Adjacent diatomic Cu1N3/Mo1S2 entities decorated carbon nitride for markedly enhanced photocatalytic hydrogen generation

The regulation of the electronic structure of graphitic carbon nitride (CN) has been considered as one of the most promising methods to improve its photocatalytic efficiency. However, how to adjust effectively the electronic structure remains a great challenge. Herein, we pioneered a microwave-assisted solvothermal sulphidation strategy for the preparation of Cu1N3-linked Mo1S2 adjacent diatomic entities decorated CN (Cu1N3/Mo1S2/CN) through the enabled sulphidation around single Cu atom by the super hot spots owing to the localized surface plasmon resonance effect.
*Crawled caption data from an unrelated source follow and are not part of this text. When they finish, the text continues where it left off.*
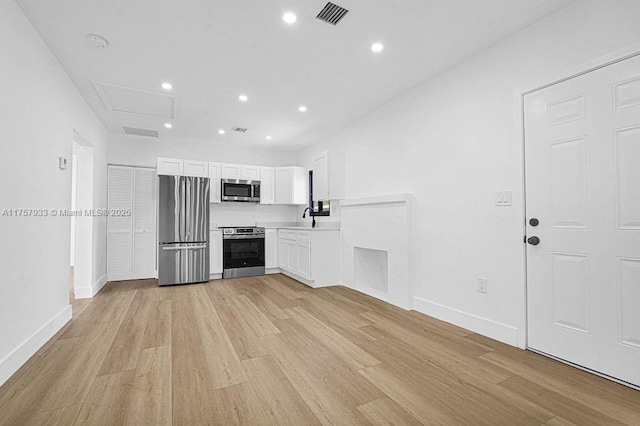 kitchen featuring visible vents, white cabinetry, recessed lighting, light wood-style floors, and appliances with stainless steel finishes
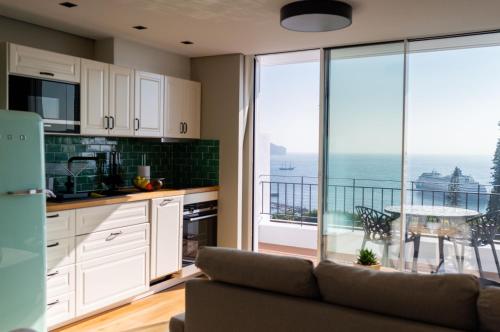 - une cuisine avec un canapé et une vue sur l'océan dans l'établissement Rooftop Funchal I by Madeira Best Apartments, à Funchal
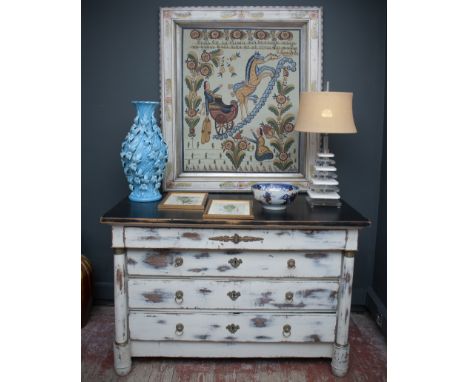 A 19TH CENTURY FRENCH PAINTED WOOD COMMODEthe chest of drawers later painted off-white, the black top over a frieze drawer fl
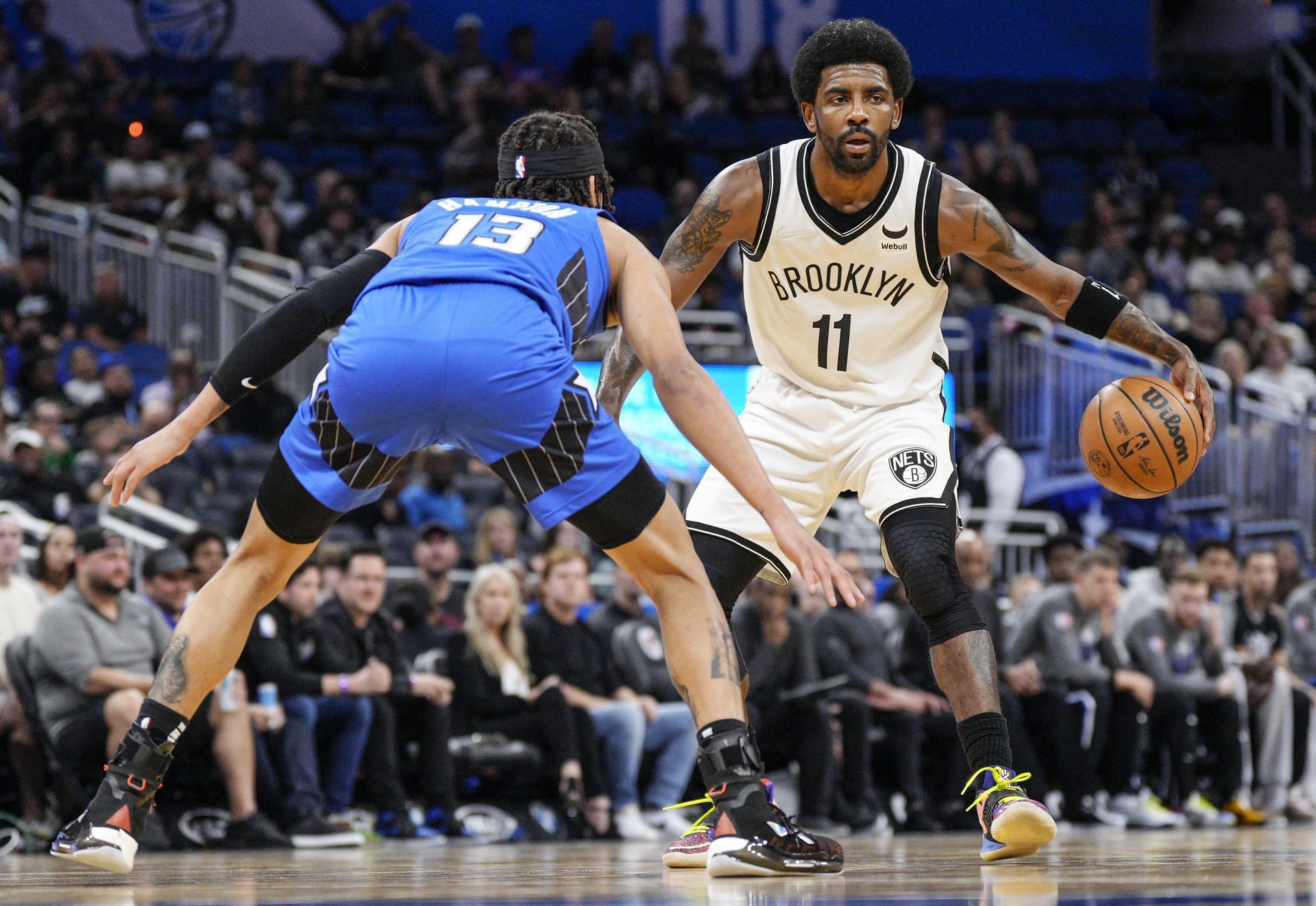 Brooklyn Nets Kyrie Irving (with ball) playing away due to vaccination duty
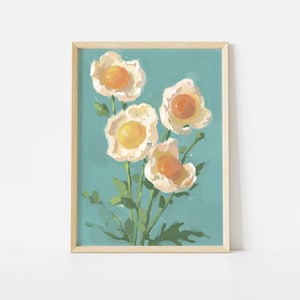 May include: A framed floral art print featuring a bouquet of flowers with white petals and orange centers against a teal background. The painting has a soft, brushstroke style, with green stems and leaves.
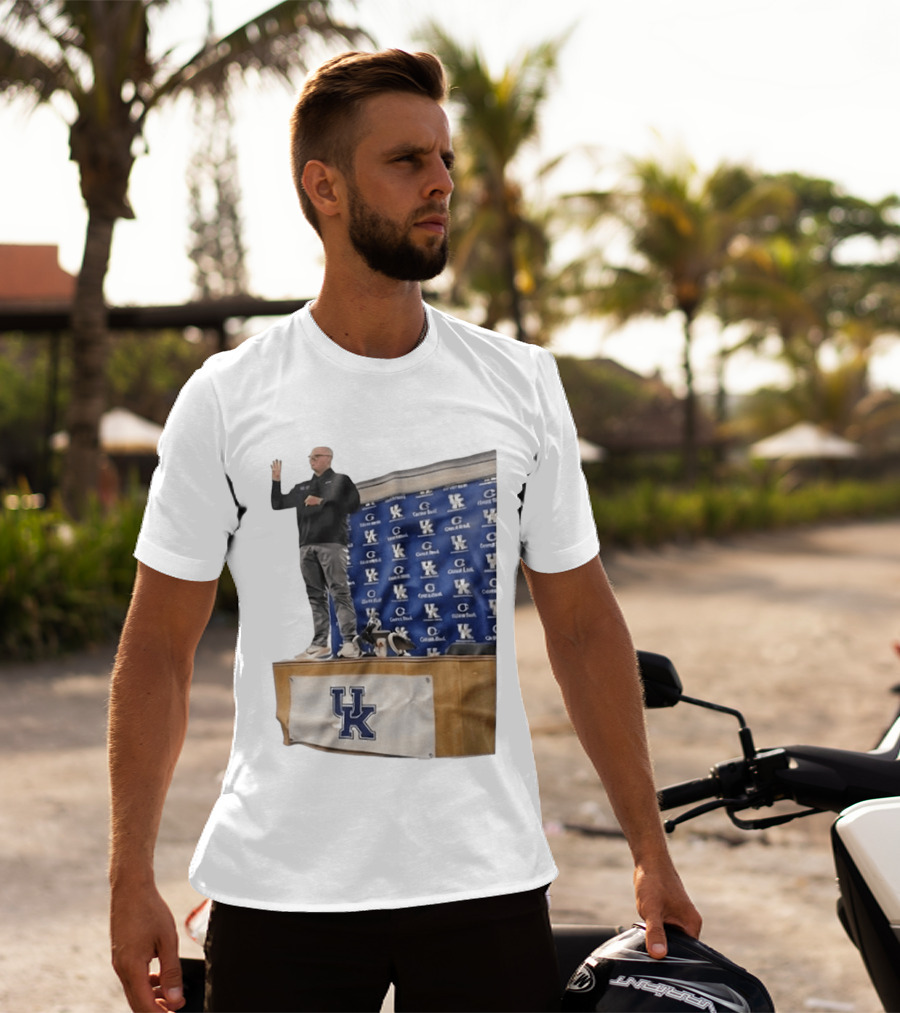 UK Volleyball Coach Craig Skinner Standing On Table With UK Logo And Awards T-Shirt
The electronic structure of CN is regulated by the synergistic effect of the adjacent diatomic metal Cu and Mo, which not only makes the conduction band of the catalyst closer to the Fermi level, but also improves the charge transfer of CN. As a result, Under visible light irradiation and atmosphere conditions, the H2 generation rate (HER) of the Cu1N3/Mo1S2/CN catalyst reaches as high as 6.14 mmol g-1h−1, which is 85 times higher than that onbulk CN. It was highlighted that the introduced Cu1N3-linked Mo1S2 adjacent diatomic entities act as modulator to efficiently tune the electronic structure of the CN semiconductor, rather than as active sites, and for all samples, the deposited Pt is requested to act as active sites for H2 production. This work not only provides enlightenment for the development of an outstanding non-precious metals modified CN-based photocatalyst for solar hydrogen production, but also provides a new avenue for the design of diverse adjacent diatomic catalysts towards various transformations.